■ **TASK BRIEF**: Repeat the entries below exactly and in full.

-- EXERCISE DATA follows --

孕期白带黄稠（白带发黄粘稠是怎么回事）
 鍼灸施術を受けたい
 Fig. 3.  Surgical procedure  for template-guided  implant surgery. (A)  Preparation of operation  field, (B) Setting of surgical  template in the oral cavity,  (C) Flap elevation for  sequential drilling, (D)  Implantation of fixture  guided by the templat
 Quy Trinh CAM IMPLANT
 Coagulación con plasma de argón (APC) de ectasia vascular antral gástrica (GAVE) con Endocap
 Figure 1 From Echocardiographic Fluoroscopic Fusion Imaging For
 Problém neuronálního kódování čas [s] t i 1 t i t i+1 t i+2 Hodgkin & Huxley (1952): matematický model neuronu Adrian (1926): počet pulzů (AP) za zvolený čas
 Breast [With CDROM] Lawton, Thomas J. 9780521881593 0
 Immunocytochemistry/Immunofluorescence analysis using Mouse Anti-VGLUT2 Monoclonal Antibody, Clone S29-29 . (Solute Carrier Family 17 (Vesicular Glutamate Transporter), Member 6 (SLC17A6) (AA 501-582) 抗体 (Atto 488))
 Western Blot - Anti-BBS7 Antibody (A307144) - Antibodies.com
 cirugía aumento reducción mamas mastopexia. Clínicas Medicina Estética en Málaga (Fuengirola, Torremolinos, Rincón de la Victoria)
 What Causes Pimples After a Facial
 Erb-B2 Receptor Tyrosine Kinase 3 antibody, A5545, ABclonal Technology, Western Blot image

-- EXERCISE DATA concluded --

■ **OUTPUT FOR THIS EXERCISE**:
孕期白带黄稠（白带发黄粘稠是怎么回事）
 鍼灸施術を受けたい
 Fig. 3.  Surgical procedure  for template-guided  implant surgery. (A)  Preparation of operation  field, (B) Setting of surgical  template in the oral cavity,  (C) Flap elevation for  sequential drilling, (D)  Implantation of fixture  guided by the templat
 Quy Trinh CAM IMPLANT
 Coagulación con plasma de argón (APC) de ectasia vascular antral gástrica (GAVE) con Endocap
 Figure 1 From Echocardiographic Fluoroscopic Fusion Imaging For
 Problém neuronálního kódování čas [s] t i 1 t i t i+1 t i+2 Hodgkin & Huxley (1952): matematický model neuronu Adrian (1926): počet pulzů (AP) za zvolený čas
 Breast [With CDROM] Lawton, Thomas J. 9780521881593 0
 Immunocytochemistry/Immunofluorescence analysis using Mouse Anti-VGLUT2 Monoclonal Antibody, Clone S29-29 . (Solute Carrier Family 17 (Vesicular Glutamate Transporter), Member 6 (SLC17A6) (AA 501-582) 抗体 (Atto 488))
 Western Blot - Anti-BBS7 Antibody (A307144) - Antibodies.com
 cirugía aumento reducción mamas mastopexia. Clínicas Medicina Estética en Málaga (Fuengirola, Torremolinos, Rincón de la Victoria)
 What Causes Pimples After a Facial
 Erb-B2 Receptor Tyrosine Kinase 3 antibody, A5545, ABclonal Technology, Western Blot image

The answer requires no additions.